Because of the new string dtype, we also implicitly changes the representation of the unique categories in the Categorical dtype repr (aside the object
-> str
change for the dtype):
>>> pd.options.future.infer_string = False
>>> pd.Categorical(list("abca"))
['a', 'b', 'c', 'a']
Categories (3, object): ['a', 'b', 'c']
>>> pd.options.future.infer_string = True
>>> pd.Categorical(list("abca"))
['a', 'b', 'c', 'a']
Categories (3, str): [a, b, c]
So the actual array values are always quotes, but the list of unique categories in the dtype repr goes from ['a', 'b', 'c']
to [a, b, c]
.
Brock already fixed a bunch of xfails in the tests because of this in https://github.com/pandas-dev/pandas/pull/61727. And we also run into this issue for the failing doctests (https://github.com/pandas-dev/pandas/issues/61886).
@jbrockmendel mentioned there:
It isn't 100% obvious that the new repr for Categoricals is an improvement, but it's non-crazy.
With which I agree, also no strong opinion either way.
But before we also go fixing doctests, let's confirm that we are OK with this change.

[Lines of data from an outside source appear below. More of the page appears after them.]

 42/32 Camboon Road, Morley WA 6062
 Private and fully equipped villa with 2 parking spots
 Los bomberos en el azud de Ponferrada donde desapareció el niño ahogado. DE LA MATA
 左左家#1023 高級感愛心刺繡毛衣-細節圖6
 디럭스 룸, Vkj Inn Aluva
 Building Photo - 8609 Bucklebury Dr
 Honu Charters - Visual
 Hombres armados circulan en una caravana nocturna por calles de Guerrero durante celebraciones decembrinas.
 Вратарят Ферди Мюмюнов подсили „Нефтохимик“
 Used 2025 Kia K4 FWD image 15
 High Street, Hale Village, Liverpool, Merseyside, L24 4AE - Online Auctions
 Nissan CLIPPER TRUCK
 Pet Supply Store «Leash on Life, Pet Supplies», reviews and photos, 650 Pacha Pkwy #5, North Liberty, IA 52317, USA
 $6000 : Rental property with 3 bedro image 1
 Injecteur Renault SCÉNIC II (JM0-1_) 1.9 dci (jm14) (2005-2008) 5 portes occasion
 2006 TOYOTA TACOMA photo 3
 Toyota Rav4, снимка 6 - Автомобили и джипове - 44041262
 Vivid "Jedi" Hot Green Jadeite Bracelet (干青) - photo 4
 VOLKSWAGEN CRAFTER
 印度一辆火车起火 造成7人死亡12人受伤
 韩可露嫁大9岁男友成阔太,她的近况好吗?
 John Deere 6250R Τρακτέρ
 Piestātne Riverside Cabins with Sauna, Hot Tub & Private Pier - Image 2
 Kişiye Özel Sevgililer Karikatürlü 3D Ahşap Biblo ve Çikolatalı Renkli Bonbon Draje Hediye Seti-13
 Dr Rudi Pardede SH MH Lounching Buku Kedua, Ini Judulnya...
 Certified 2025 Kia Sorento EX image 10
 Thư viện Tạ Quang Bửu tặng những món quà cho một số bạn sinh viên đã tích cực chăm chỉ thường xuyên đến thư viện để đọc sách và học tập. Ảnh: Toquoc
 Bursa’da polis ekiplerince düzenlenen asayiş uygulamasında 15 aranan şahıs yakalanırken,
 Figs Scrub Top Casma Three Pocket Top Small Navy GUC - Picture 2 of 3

Because if we don't have a strong opinion that it is an improvement, we could also leave it how it was originally (and avoiding some breakage because of this for downstream projects or users (eg who also have doctests))
Comment From: jorisvandenbossche
The technical explanation of this change is that for Categorical.__repr__
, we have a Categorical._repr_categories
helper method that creates this data (called from Categorical._get_repr_footer
, which is used in the categorical repr but also in the Series repr if the dtype is categorical).
This function calls format_array
with QUOTE_NONNUMERIC
:
>>> from pandas.io.formats import format as fmt
>>> from csv import QUOTE_NONNUMERIC
>>> fmt.format_array(np.array(["a", "b"], dtype=object), formatter=None, quoting=QUOTE_NONNUMERIC)
[" 'a'", " 'b'"]
>>> fmt.format_array(pd.array(["a", "b"], dtype="str"), formatter=None, quoting=QUOTE_NONNUMERIC)
[' a', ' b']
But in the case of the string dtype, being an extension dtype, this format_array
uses the values._formatter(boxed=True)
of the ExtensionArray, and in the case of strings, when boxed=True
, those values are not quoted (eg as used in the Series repr, in contrast to the array repr). And so for extension dtypes, the QUOTE_NONNUMERIC
is also ignored.
So given that we also don't quote (or do show the "boxed" repr) for other types, like we don't use quoted strings to represent timestamp categories, the new behaviour seems a little bit more consistent.
But right now we essentially already special case strings in the categorical repr by passing QUOTE_NONNUMERIC
. Thus I think it is also perfectly reasonable to update that existing special case to cover the string dtype as well in addition to object dtype, to preserve the existing behaviour and minimize the repr changes.
Comment From: jbrockmendel
There are some remaining CategoricalIndex repr tests that are xfailed bc the padding changes. Would re-enabling the special casing here also get us the old padding behavior? I think it is a little nicer.
Comment From: jorisvandenbossche
I think that is still something else, because that is in formatting the data part of the array/index, not the dtype
Comment From: jorisvandenbossche
I think that is still something else, because that is in formatting the data part of the array/index, not the dtype
But it turned out to be a simple fix -> https://github.com/pandas-dev/pandas/pull/61894
Comment From: jorisvandenbossche
And FWIW I also have a PR with the necessary small change to preserve the special-case quoting for string categories in https://github.com/pandas-dev/pandas/pull/61891 (only, if we want that, I have to update the tests again to get that PR green)